:: Exercise goal ::
Check the records below line by line. Give the count of lines with "like", and nothing else.

[Saved entries]

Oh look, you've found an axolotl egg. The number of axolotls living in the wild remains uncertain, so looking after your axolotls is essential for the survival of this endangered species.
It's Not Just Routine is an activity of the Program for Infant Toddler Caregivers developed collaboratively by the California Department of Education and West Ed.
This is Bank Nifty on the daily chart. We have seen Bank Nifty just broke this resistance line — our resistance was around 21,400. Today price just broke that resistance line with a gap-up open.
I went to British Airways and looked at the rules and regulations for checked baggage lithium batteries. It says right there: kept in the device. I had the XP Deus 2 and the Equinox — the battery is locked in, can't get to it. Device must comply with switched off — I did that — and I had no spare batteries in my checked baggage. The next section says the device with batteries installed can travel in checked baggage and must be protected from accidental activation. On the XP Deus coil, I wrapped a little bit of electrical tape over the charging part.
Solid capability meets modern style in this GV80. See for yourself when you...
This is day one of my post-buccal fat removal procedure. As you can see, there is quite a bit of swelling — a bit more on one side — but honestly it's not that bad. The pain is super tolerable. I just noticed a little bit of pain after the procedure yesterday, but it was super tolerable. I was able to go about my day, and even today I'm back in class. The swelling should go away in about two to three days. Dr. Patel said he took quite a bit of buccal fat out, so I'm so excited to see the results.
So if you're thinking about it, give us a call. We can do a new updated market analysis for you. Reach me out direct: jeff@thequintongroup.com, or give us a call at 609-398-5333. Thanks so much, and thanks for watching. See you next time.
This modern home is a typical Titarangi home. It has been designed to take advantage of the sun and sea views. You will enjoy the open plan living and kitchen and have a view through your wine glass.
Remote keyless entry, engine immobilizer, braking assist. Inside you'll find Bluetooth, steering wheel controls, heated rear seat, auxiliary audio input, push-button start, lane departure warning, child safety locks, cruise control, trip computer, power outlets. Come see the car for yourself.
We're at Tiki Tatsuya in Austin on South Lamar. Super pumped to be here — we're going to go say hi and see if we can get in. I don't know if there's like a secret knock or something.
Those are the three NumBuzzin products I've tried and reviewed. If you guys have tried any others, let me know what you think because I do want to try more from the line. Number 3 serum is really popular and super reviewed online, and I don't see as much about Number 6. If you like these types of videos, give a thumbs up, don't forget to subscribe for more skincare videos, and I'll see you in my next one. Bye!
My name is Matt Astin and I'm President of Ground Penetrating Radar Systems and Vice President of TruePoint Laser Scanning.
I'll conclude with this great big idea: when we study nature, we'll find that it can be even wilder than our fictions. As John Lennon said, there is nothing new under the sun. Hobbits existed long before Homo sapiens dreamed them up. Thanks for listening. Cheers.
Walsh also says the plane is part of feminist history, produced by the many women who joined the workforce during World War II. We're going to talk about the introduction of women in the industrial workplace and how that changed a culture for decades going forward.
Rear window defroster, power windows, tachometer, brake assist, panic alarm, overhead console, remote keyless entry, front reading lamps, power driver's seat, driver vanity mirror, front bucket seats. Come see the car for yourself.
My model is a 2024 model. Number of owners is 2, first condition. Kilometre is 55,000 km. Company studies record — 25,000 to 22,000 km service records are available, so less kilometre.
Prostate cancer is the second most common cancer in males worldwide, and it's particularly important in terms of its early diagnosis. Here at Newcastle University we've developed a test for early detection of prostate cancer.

:: Output for this task ::
2